# Used laptop - kijiji?



## jargey3000 (Jan 25, 2011)

me again..... would YOU buy this??? Lenovo Model L412. Guy SAYS it's 3 years old. will "let it go" for $225. If i was interested I'd offer $200, maybe???
Have not gone to look at it.
Any comments?
http://www.kijiji.ca/v-laptops/st-johns/lenovo-buisness-laptop-14-screen/1208832463


----------



## agent99 (Sep 11, 2013)

Lenovo is a top brand - that laptop probably originally cost in the $1000 range, maybe more? I have an earlier T520 and it has been an excellent unit. These are business quality rather than cheaper consumer quality.

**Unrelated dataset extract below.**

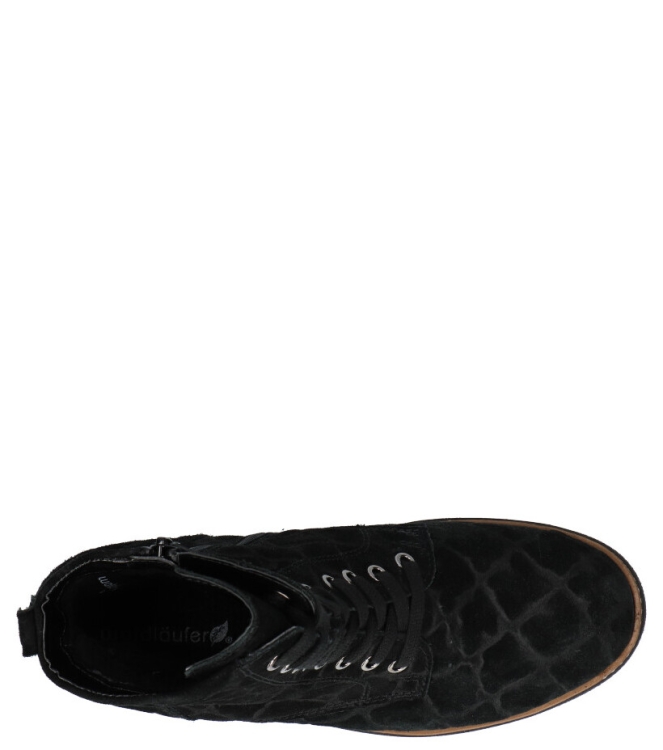 Waldlaufer veterboot <span>683801 160 001 Kitomi</span> 683801 160 001 Kitomi zwart - www.bremmerschoenen.live - Bremmer Schoenen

Buying off kijiji means no warranty, but if it is local and you can talk to owner and confirm there are no problems and you can get it for $200 or even $225, that would be a good buy, in my opinion! I would look into it.


----------



## peterk (May 16, 2010)

Hi Jargey,
The processor in that laptop (i5-520M) is a very old iteration of the intel processor, released in Jan 2010, the Lenovo L412 released in the same year. It's doubtful this seller bought it "new" 3 years ago...

You can buy used L412's from amazon.com for $150 USD, so 200CAD is about market price. It appears like this was a ~$1000 laptop when new, so not bottom of the barrel, it was advertised as a "cheap business" laptop in 2010. 

You realize this was a windows 7 laptop and upgraded to win 10? That's not a problem per-say, but some don't trust that major of a windows upgrade on old hardware, it's possible there could be issues, though unlikely.


I personally wouldn't buy it, too old. But assuming it works and is stable now it will probably continue to do so for several more years.

$200-225 seems like the fair market price, but is not a good deal for you. It is the full Amazon re-seller price, not the Kijiji rural Newfoundland "can bring to town" price...


----------